Long-term Alterations in Groundwater Chemistry Induced by Municipal Well Pumping
Jean Bahr, University of Wisconsin-Madison
Madeline Gotkowitz, Wisconsin Geological and Natural History Survey
The proposed research aims to determine the long-term effects of municipal well pumping on groundwater chemistry induced by changes in flow paths and mixing between aquifers. Of particular interest in Dane County, WI, are cross-connected wells that were drilled through the regional Eau Claire aquitard to increase productivity by drawing water from both the confined and unconfined aquifers. Mixing water of different ages and chemistry in this manner creates new geochemical environments that may allow for mobilization of undesirable trace elements. This process likely contributes to elevated concentrations of chromium, iron, and manganese observed in some Dane County wells. Understanding of the geochemical conditions being created by municipal well pumping can assist in identifying pumping strategies and well construction practices that improve water quality, thus protecting Wisconsin citizens and preserving these water resources for future use. The project will take advantage of a large body of groundwater chemistry data that has been previously collected as well as a recently revised, countyscale, groundwater flow model.
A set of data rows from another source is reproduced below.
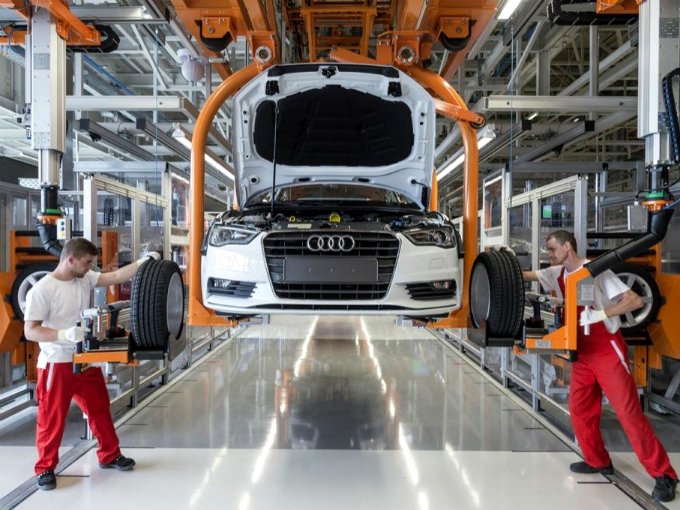 Paro técnico de trabajadores de Audi Puebla 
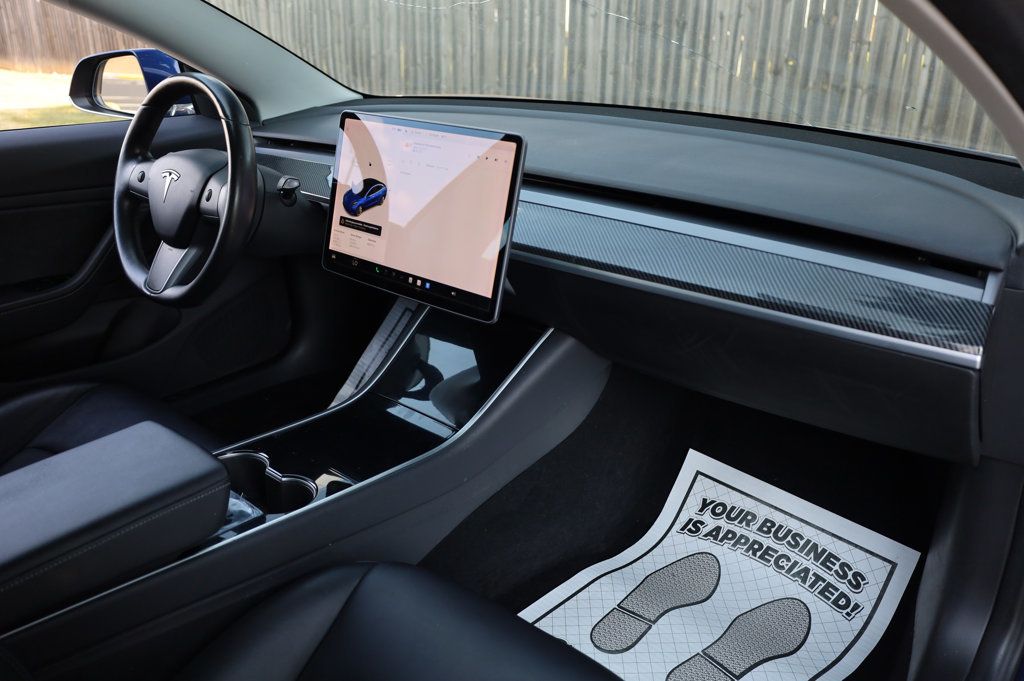 2019 Tesla Model 3 Long Range photo 25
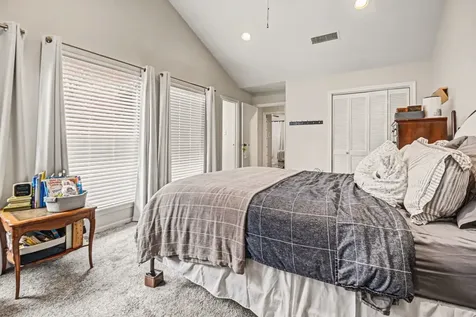 7447 Cambridge Street 73 Houston TX 77054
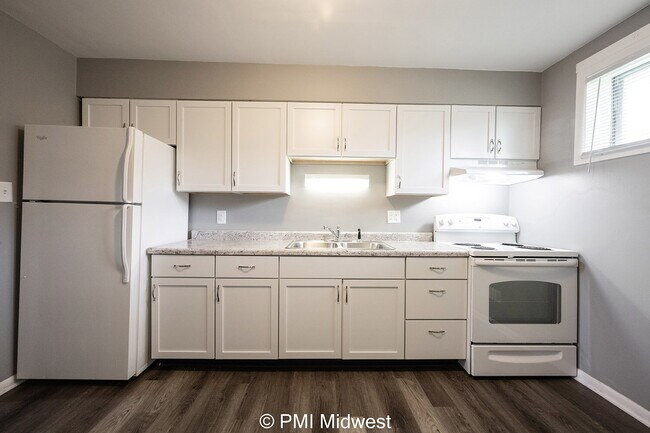 Building Photo - "Charming 2-Bedroom Apartment in Avon - Co...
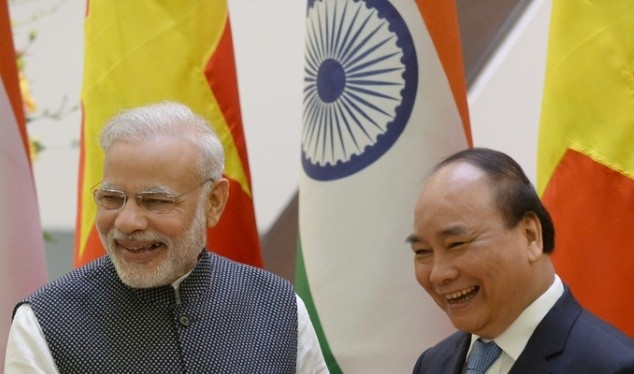 Thủ tướng Ấn Độ Narendra Modi và người đồng cấp Việt Nam thủ tướng Nguyễn Xuân Phúc
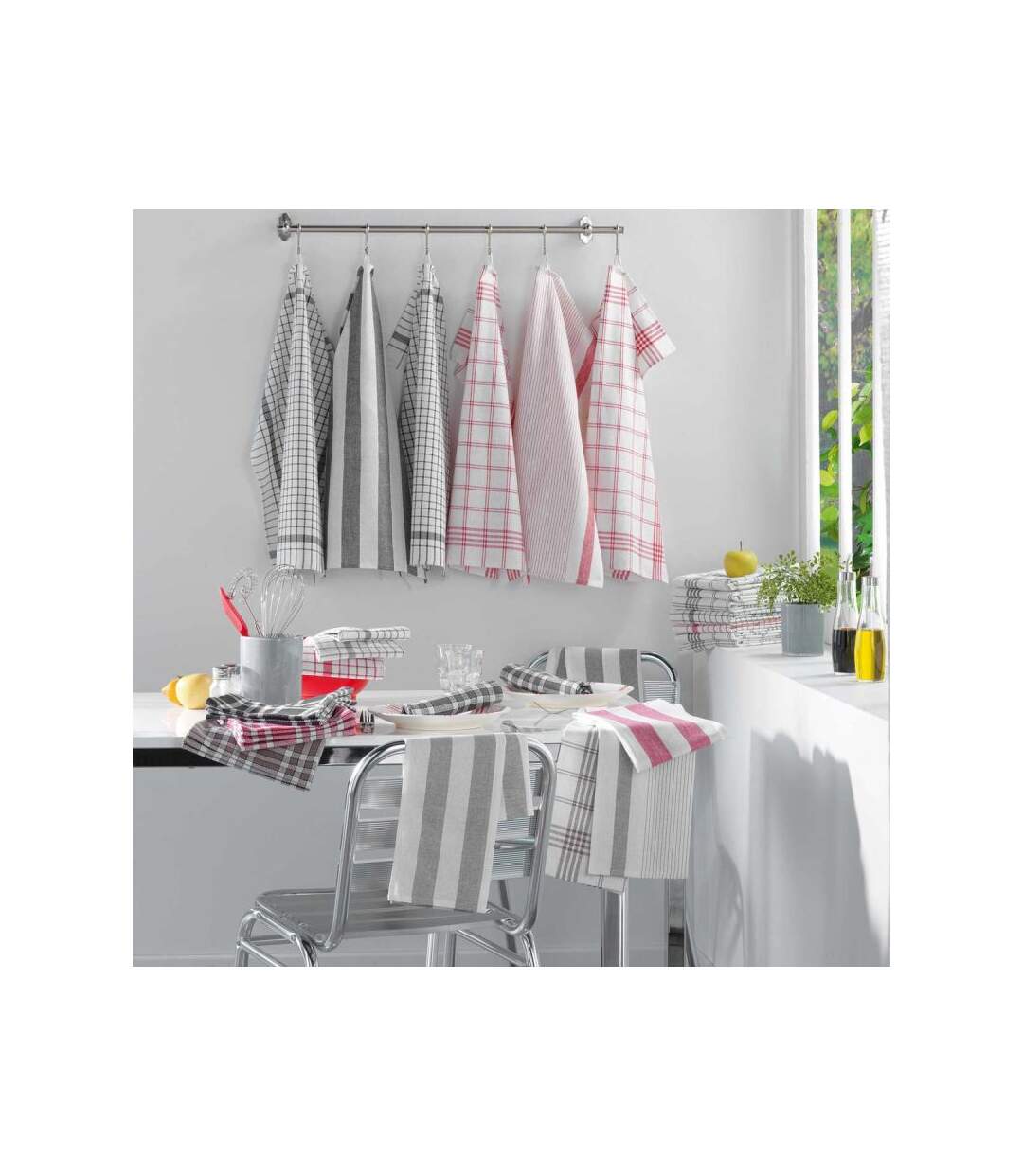 Lot de 3 Serviettes de Table Traditio 45cm Rouge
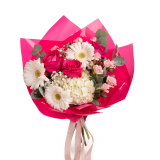 Vedere de ansamblu a produsului Buchet din trandafiri si gerbera, varianta Standard, compus din 3 trandafiri pink floyd, 2 trandafiri ramificati roz, 1 gypsophila, 1 hortensie promo, 3 gerbere albe si 3 crengute de eucalipt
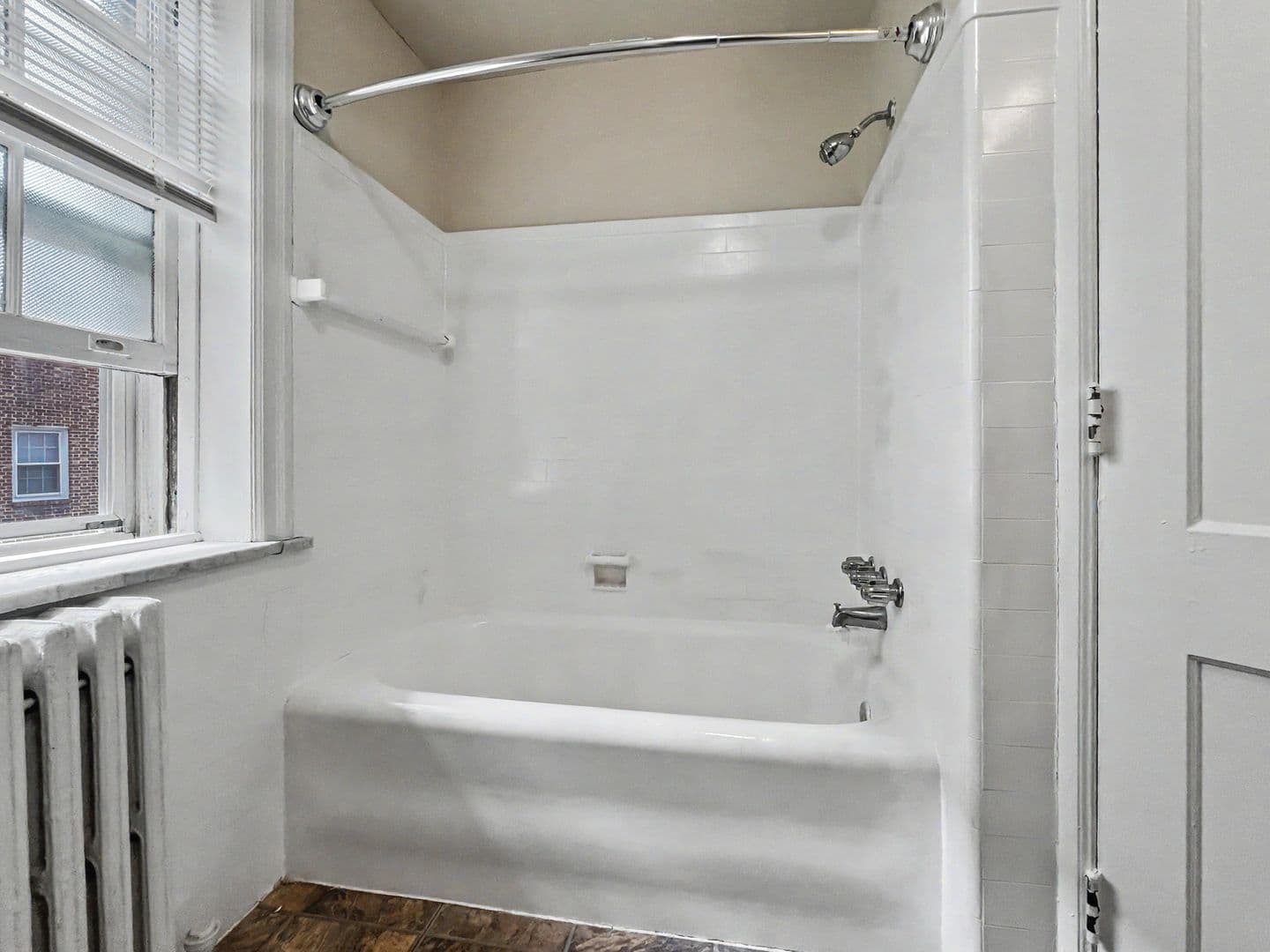 Bala Cynwyd Apartment: 25 Old Lancaster Road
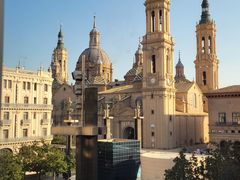 -皮拉尔圣母圣殿主教座堂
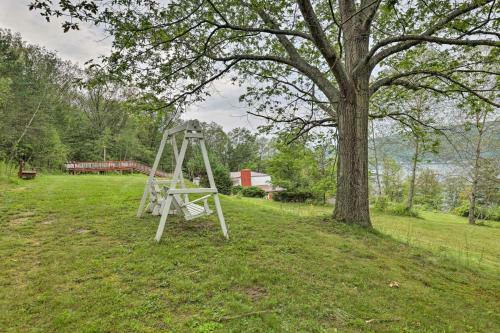 Retreat Overlooking Keuka Lake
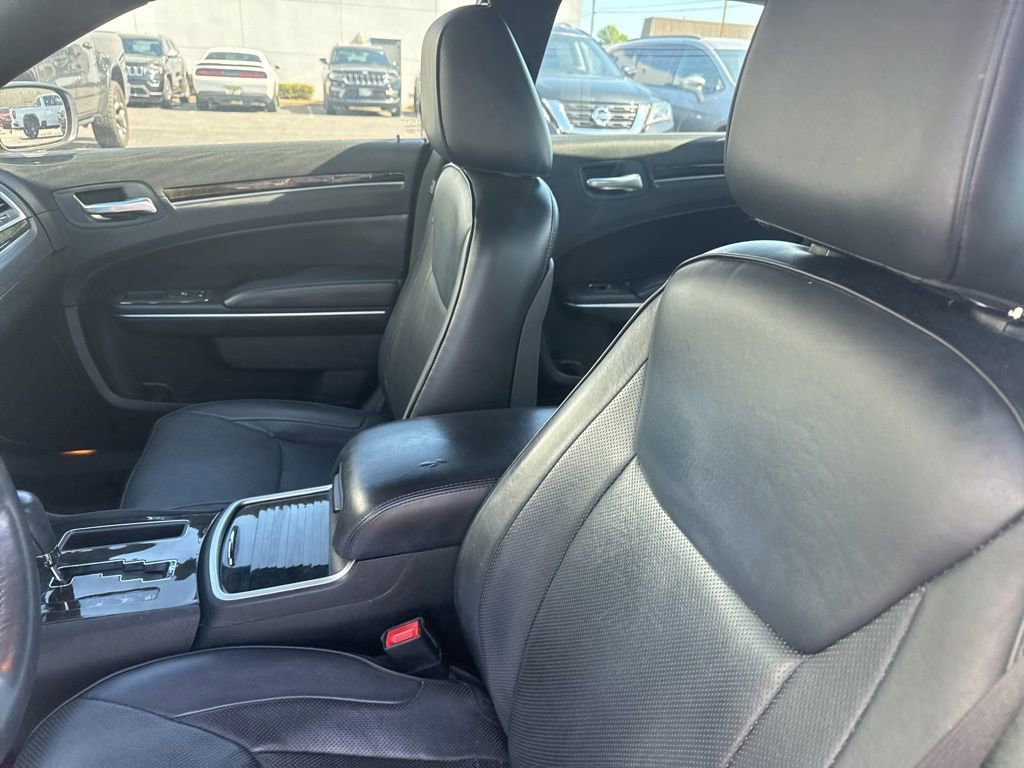 Used 2014 Chrysler 300 C image 17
The flow model will be used in conjunction with particle tracking to identify areas where flow paths have been altered from pre-development conditions in a way that is likely to have induced mixing of water from shallow sources with water in the deeper aquifer system. Solute transport modeling and geochemical modeling, constrained by available water chemistry data, will allow for additional quantification of mixing and changes in redox or other conditions. Preliminary model results will be used to identify wells from which additional water chemistry samples will be collected to improve calibration and test model predictions. An iterative modeling approach will be used with the ultimate goal of identifying hydrogeologic units that are the primary contributors to elevated concentrations of chromium, iron and manganese and to explore options to limit mobilization of these trace elements.